Underpinning the chance of agreement is broad support for the principle of paying care workers more, for two main reasons:

  • The ‘social care’ argument accepts that better pay is critical to improving the sector’s chronic recruitment problems, which in recent years have only been alleviated by bringing in 230,000 workers from overseas. That route is now closed, and better pay is the only game in town.

  • The ‘social justice’ argument accepts that it’s unfair to pay care workers so poorly for doing a critical and difficult job. A recent report from the Health Foundation found that 1 in 5 residential care workers in the UK is in poverty, more than 1 in 10 risks going without food, and 15% rely on Universal Credit.

But even if these are broadly shared beliefs on all sides, there is nowhere near consensus about the scale of the change needed in response and, critically, who will pay for it. Logically, it’s clear that the costs will have to fall in some proportion on four groups: care providers, local authorities, people who fund their own care, and the government.

Providers argue they can’t afford any additional costs, particularly after the increase in employers National Insurance at the last budget. In this, they have support from the government’s own impact assessment, which says they have limited capacity to bear additional costs through reduced profits or improved efficiency.

What about local authorities? They commission most social care and so, in theory, could meet the costs of higher care worker wages by paying providers higher fees. This has in fact been a general trend for a decade. However, local authorities are scarcely in a better financial position themselves, with 4 in 5 already overspending on social care.

People who fund their own care (around a quarter of home care and a third of residential care) could also pay higher fees. The fairness of this will be questioned because self-funders already subsidise local authority funded care. They do not, however, have much of a collective voice so the question is how much they will be heard at the negotiating table.

Finally, the government could pay the costs from general taxation, most obviously by funding local authorities to pay higher fees to providers. Understandably, this is the preferred – indeed expected – solution from other players. We know there is money set aside in the current spending review to do this, though the government is being incredibly coy about how much this is.

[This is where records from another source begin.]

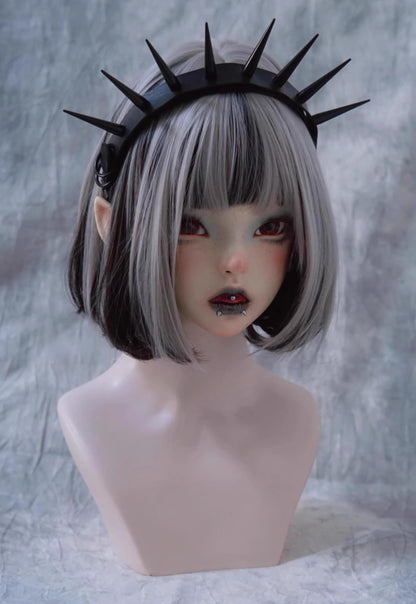 Strange Sugar - Punk Gothic Lolita KC Faux Leather Rivet Hair Accessories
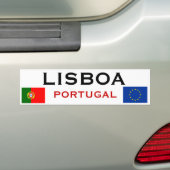 Lisboa* Bumpersticker (Op auto)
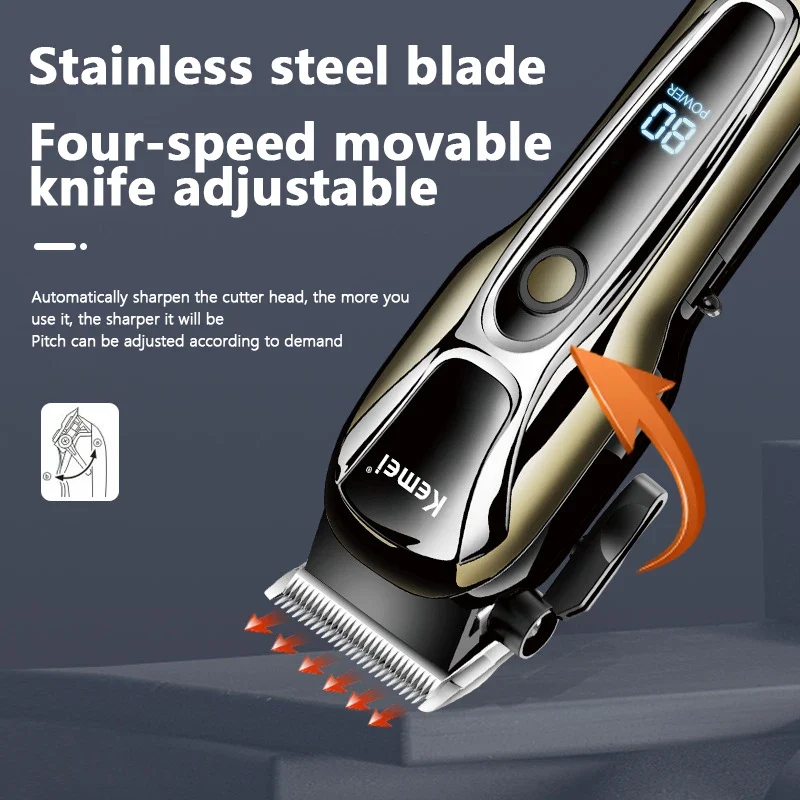 Profi Haarschneidemaschine Haarschneider Rasierer Hair Clipper Bart Trimmer Akku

Whoever ends up footing the bill, crudely the general effect is to transfer funding from better off groups to poorly paid care workers: care providers are a mix of small and large private businesses, with a minority of not-for-profits; self-funders by definition have income and assets above the means test threshold; local and national government generates income though asset and wealth-based taxation. So a fair pay agreement will be progressive, tackling that issue of social justice. It also looks like good politics: the first pay increases for thousands of lower-paid workers should arrive in 2028, which might well be a general election year.

But will it be good for social care? It should ease recruitment difficulties, with the extent depending on the size of the pay increase. However, it must do it in a way that stabilises the sector rather than weakens it. It must not overturn existing wage structures (for example by reducing even further the differential between lower paid staff and more senior/more experienced workers). It must not create financial or administrative burdens that might put providers out of business or force them to cut corners in other areas (for example by reducing the number of staff). And it must be sustainable for many years, not just one. It must be judged by its effect on the overall quality of social care experienced by people who use it.

That’s a tough bargain to strike. The negotiating body will have its work cut out to find it – but the government will need to ensure that it does.